The Murder Hornet Hunters of Paris

Thus, the brothers Bize won the municipal contract for wasp control in Paris. In two vans, they zigzagged to calls to nix nests citywide, one working the Left Bank while the other worked the Right Bank, as Gregory’s wife, Léa, acted as dispatcher.

Spring. Summer. Fall. The city paid handsomely, but the caseload was gruesome. Now, the Bize brothers live and work in the suburbs just outside Le Périphérique. They destroyed some 300 Asian hornet nests in 2019. “Last year was not that bad — this year is heavy,” Matthieu Bize said. “Beaucoup d’activité!”

Wasps’ numbers are at their max in late summer, and because of a mild spring, the city was lousy with both native wasps and the Asian hornets this year. They tortured the bakers’ brioches. They danced on the fishmongers’ squid.
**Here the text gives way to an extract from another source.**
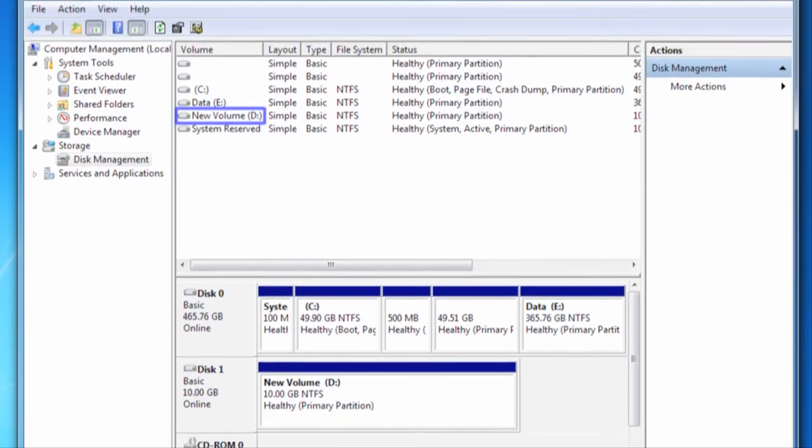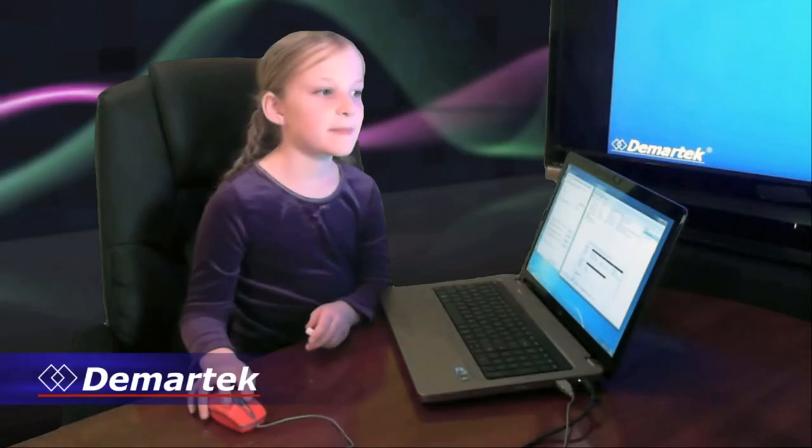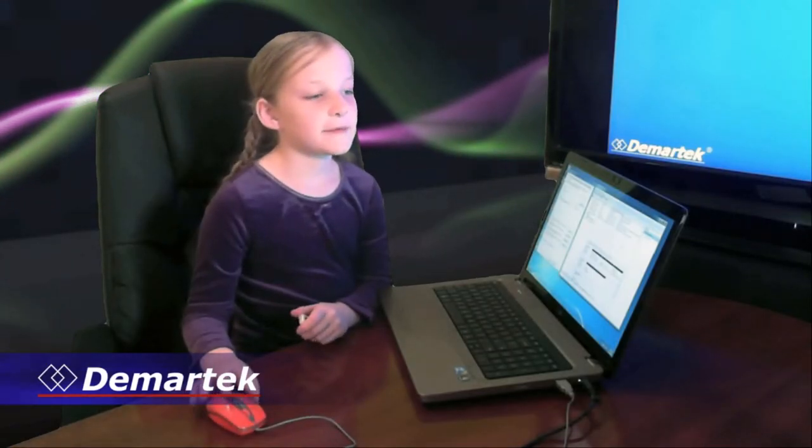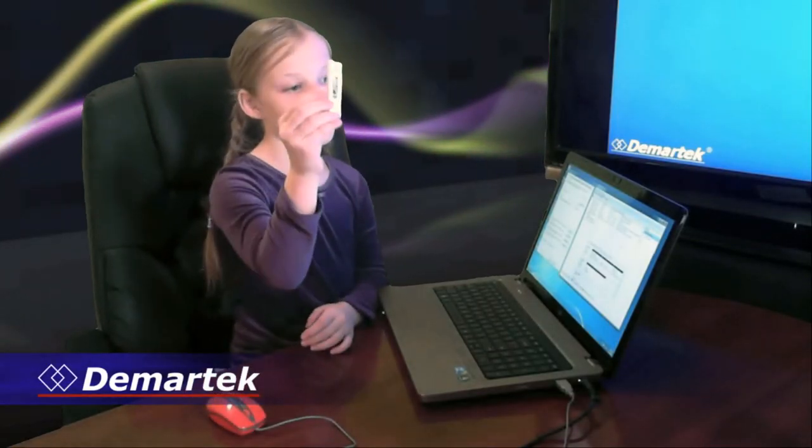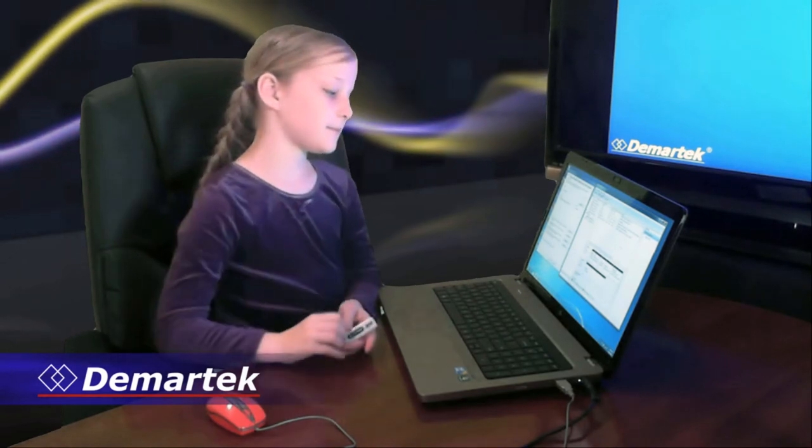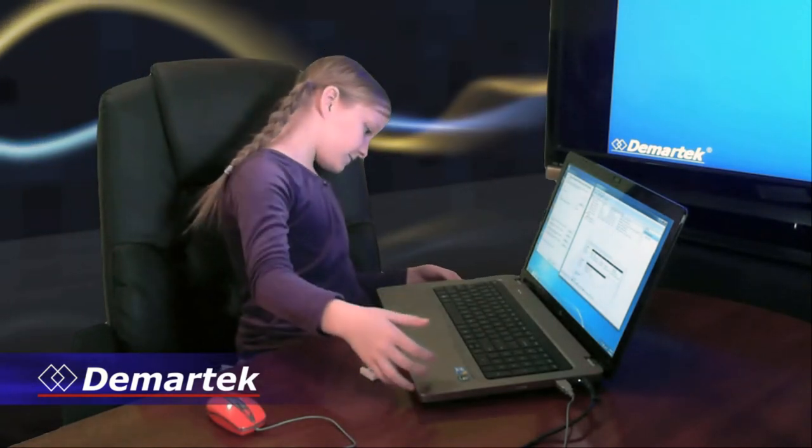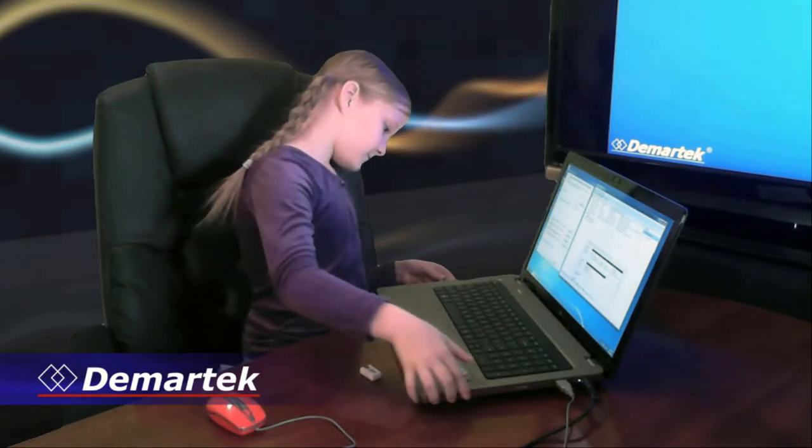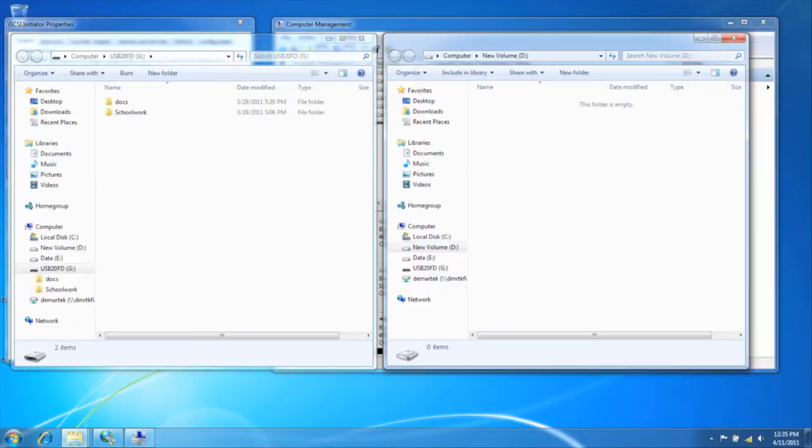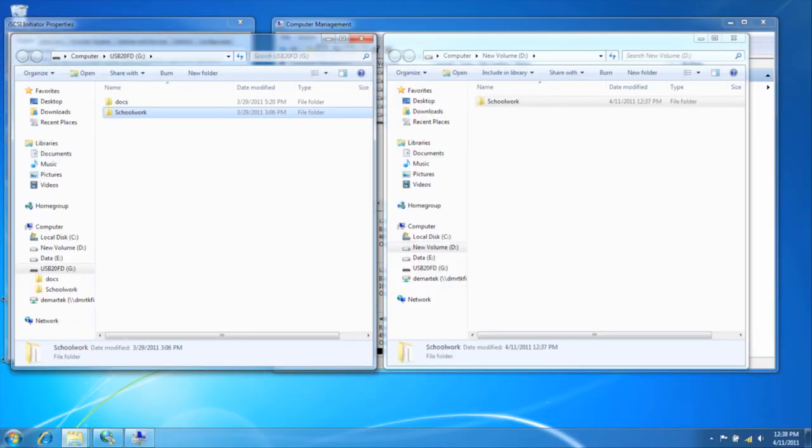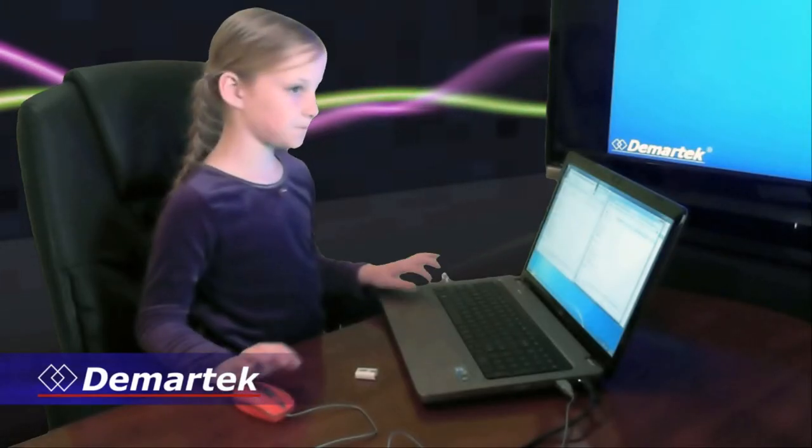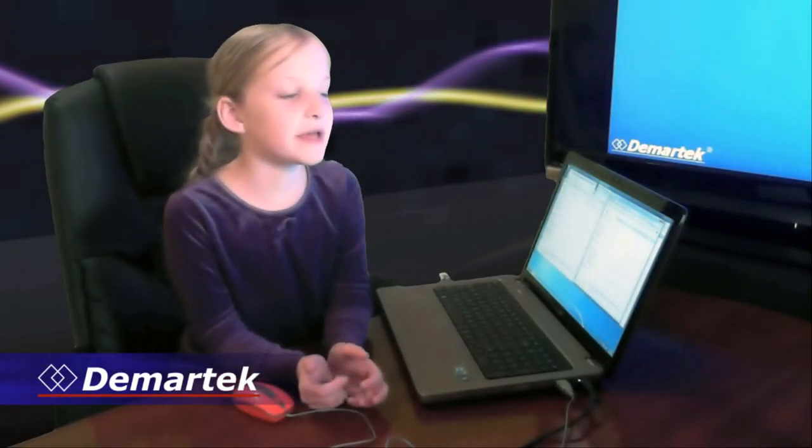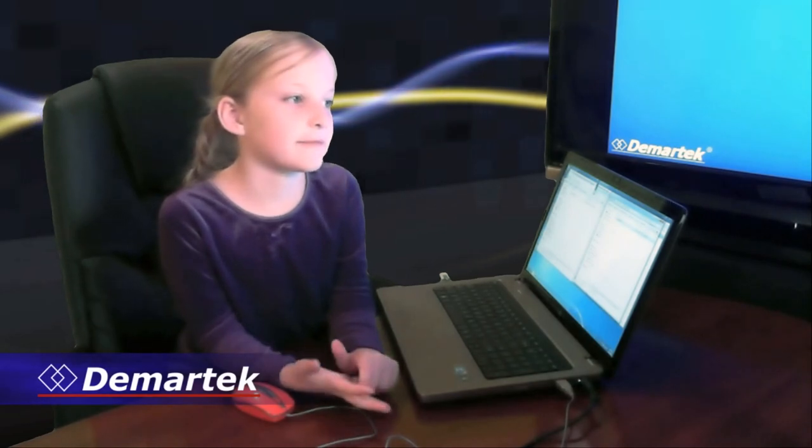As you can see, the iSCSI drive appears as a local drive to this computer. I can write data like my school work on this flash drive and read back from it. It works the same way it would with any other local drive.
They sailed into fifth-floor flats to drink from the juice cups of babies and even appeared on buildings as human-size graffiti.

“It’s a very good year for this hornet,” said Quentin Rome, an expert on the Asian hornet at the French National Museum of Natural History. (Vespa velutina, the wasp in question, is often confused with Vespa mandarinia, the giant “murder hornet” that made its way to Washington State, but that species is not in France.) “They are desperate to get other insects to feed” to their larvae, Mr. Rome, 40, said. “The hornets are extra-aggressive with the honeybees in the autumn.”

Hornets eat a variety of insects, but beehives are easy marks. A hornet “hawks” the hive, Mr. Perrard explained, hovering around the entrance until it catches a honeybee and carries the sweet petite away.

“It really stresses the bees,” said Lionel Potron, the founder of Apis Civi, the city’s only maison de miel (honey house) with a beekeeping school. “They know the hornets are there and won’t leave to forage. And if they don’t forage, they starve during winter.”